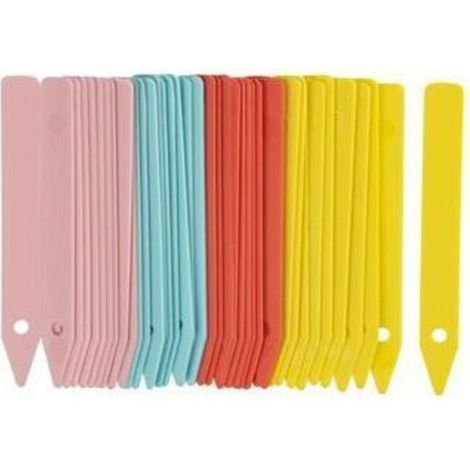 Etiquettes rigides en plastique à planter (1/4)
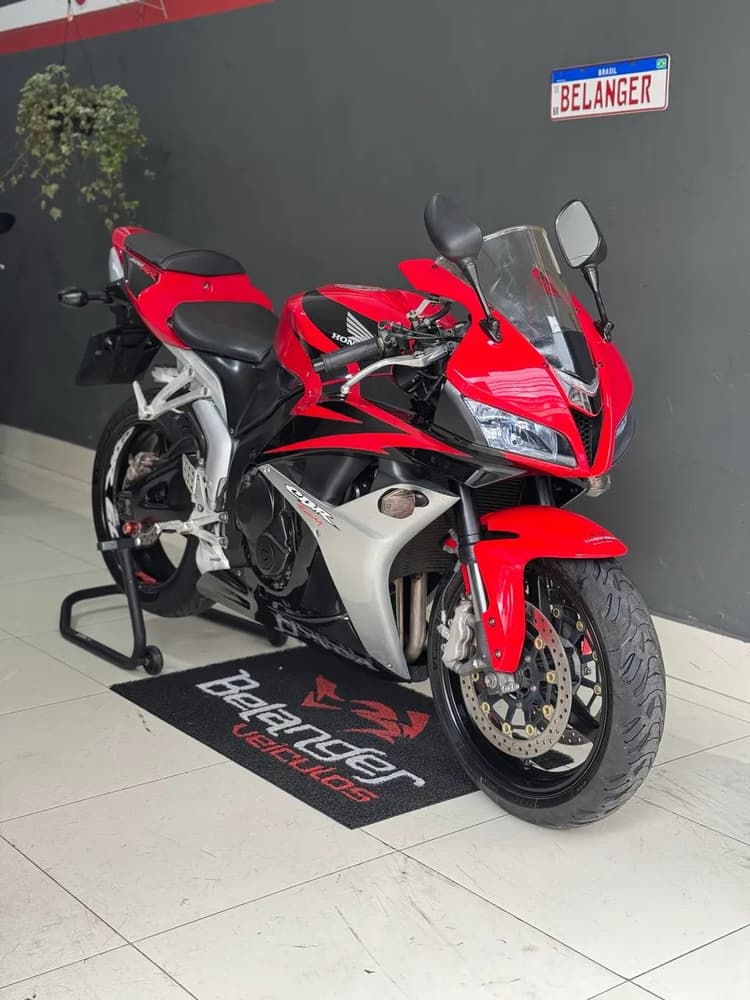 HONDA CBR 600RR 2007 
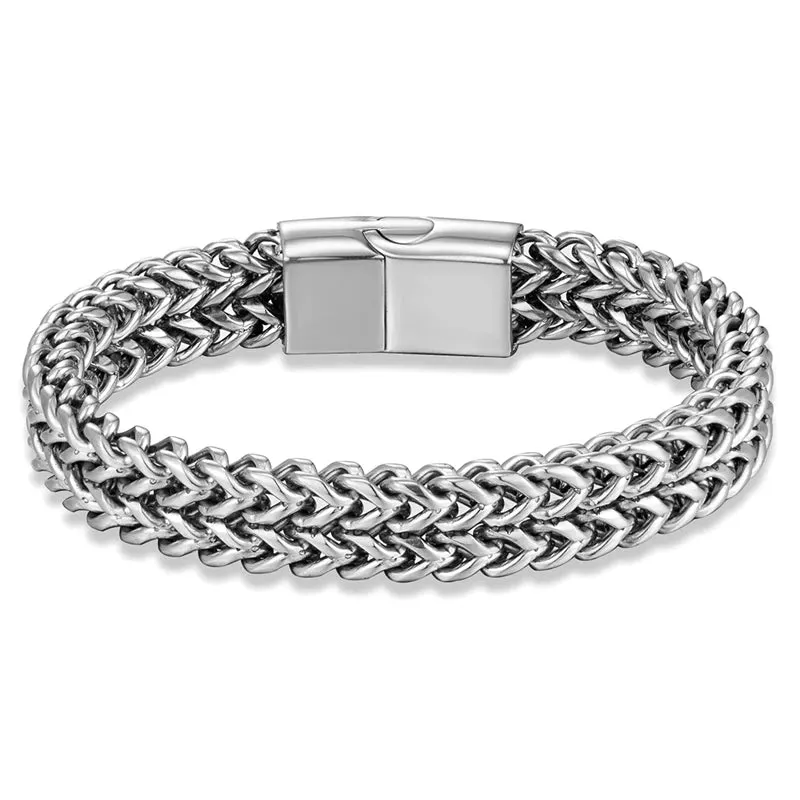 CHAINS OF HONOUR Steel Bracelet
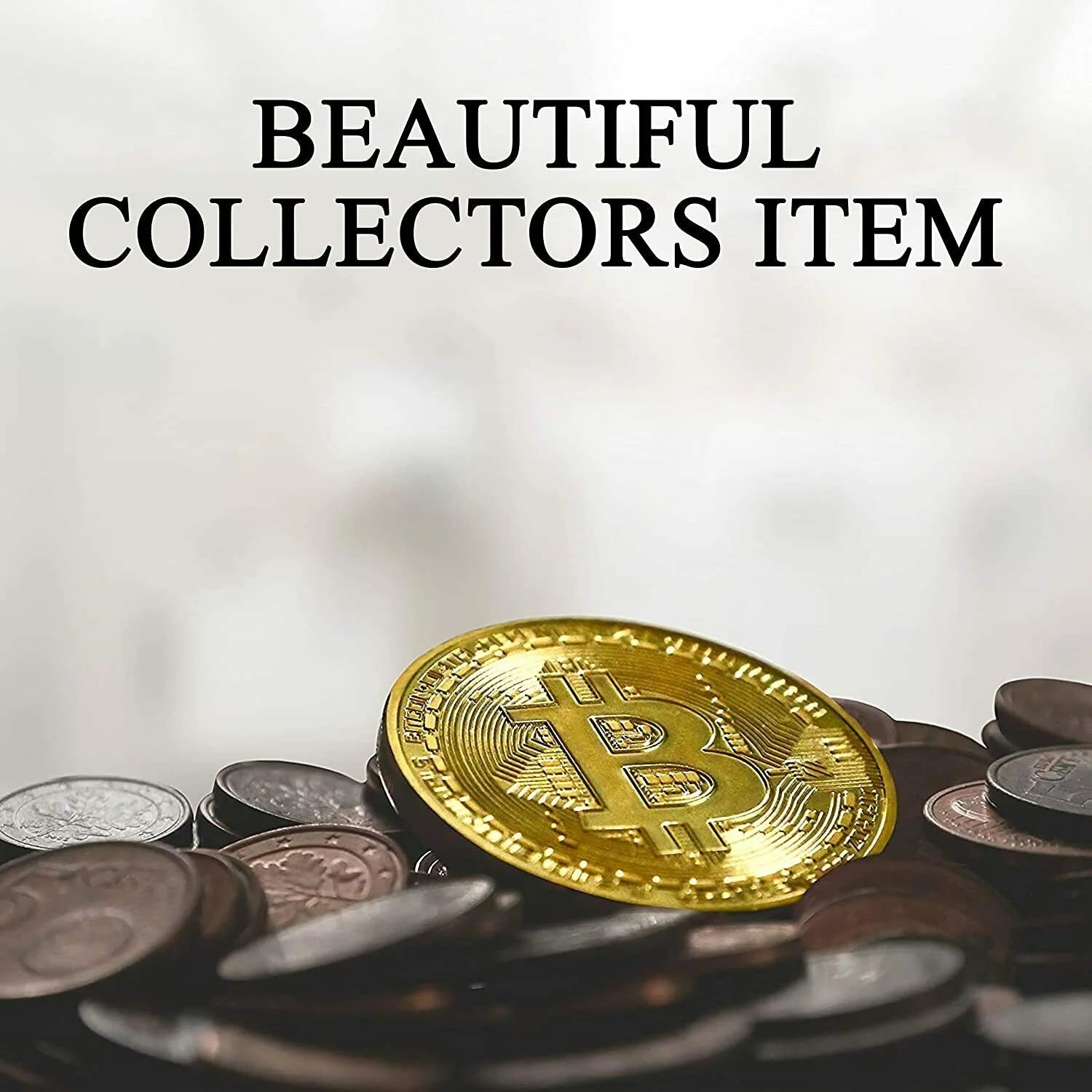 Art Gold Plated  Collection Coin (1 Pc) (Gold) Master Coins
◆ ◆ ◆ ◆
## ACTIVITY
The expected answer is the full listing above, transcribed exactly and without pictures.

## OUTPUT OF THE TASK
 Etiquettes rigides en plastique à planter (1/4)
 HONDA CBR 600RR 2007 
 CHAINS OF HONOUR Steel Bracelet
 Art Gold Plated  Collection Coin (1 Pc) (Gold) Master Coins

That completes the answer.